Saturday, November 03, 2007

Gott-awful statistics

I read this amusing article in NS while travelling recently, and it reminded me that I'd been meaning to blog about the story for some time. A spot of googling reveals that several others have beaten me to it, but I wasn't going to miss the chance to use my headline pun...

The basic gist is that an astrophysicist called J. Richard Gott III claims to have discovered a principle by which the future duration of an ongoing event can be confidently predicted, with absolutely no knowledge other than the past duration. In particular in this article, he asserts that the human race doesn't have long left on Planet Earth, and further, that the human space program doesn't have long left either, so we had better get on with colonising somewhere else.

It's basically a warmed-over version of the Doomsday "argument", of course - one version of which is that given a total number of N humans (over the entire lifespan of the species), I can assume that with 95% probability my position in the list lies in the (0.025N, 0.975N) interval. Actually, I am number 60B in the order, meaning that I can expect there to be somewhere between 1.5B and 2400B more people (with 95% probability). That means a 2.5% probability that we'll be extinct in the next few decades! Gott does the same thing with the number of years during which there will be a space program, and works out that it is likely to end quite soon, so we had better get on with moving elsewhere while we can.

The argument is nonsense and a spot of googling reveals that many others have shredded it:

Andrew Gelman (where I first read about this) doesn't like it but provides a charitable interpretation of the whole thing as a frequentist statement: given an ordered set, 95% of the members do indeed lie in the middle 95% of the ordering, and thus the intervals constructed by this method are valid confidence intervals for the size of the set, given random samples from it. That's true enough, but (as he also points out) does not justify the misinterpretation of these frequentist confidence intervals as if they were meaningful Bayesian credible intervals, which is what Gott is doing. (It does explain how Gott can demonstrate the success of his method on large historical data sets, for that gives the procedure a meaningful frequentist interpretation.)

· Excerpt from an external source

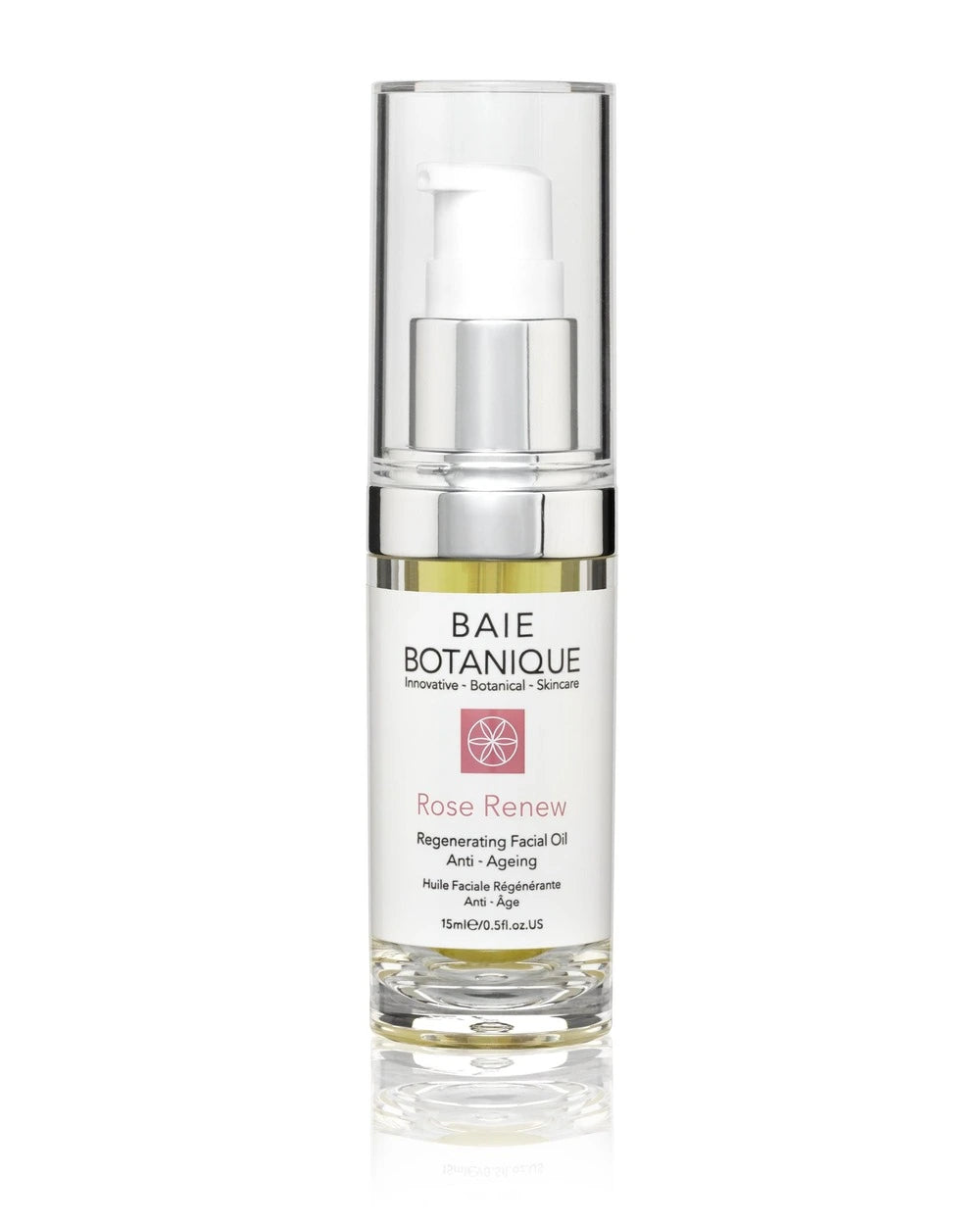 Regenerierendes Gesichtsöl Facial Oil BaieBotanique 15ml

Brian Weatherall rips a hole in it, first with a bit of "mockery" (his term) about how it leads to idiotic predictions for several examples such as the durability of the internet or the iPhone (and if anyone doesn't think these predictions are indeed idiotic, I'll happily bet against them as he offers to), and then with a simple example as to how it leads to the following nonsensical claim: if A has a longer historical duration than B, then the future duration of A will certainly (with probability 1!) be as long as the future duration of B - he does this by considering the durations of the events A, B, and "A and B".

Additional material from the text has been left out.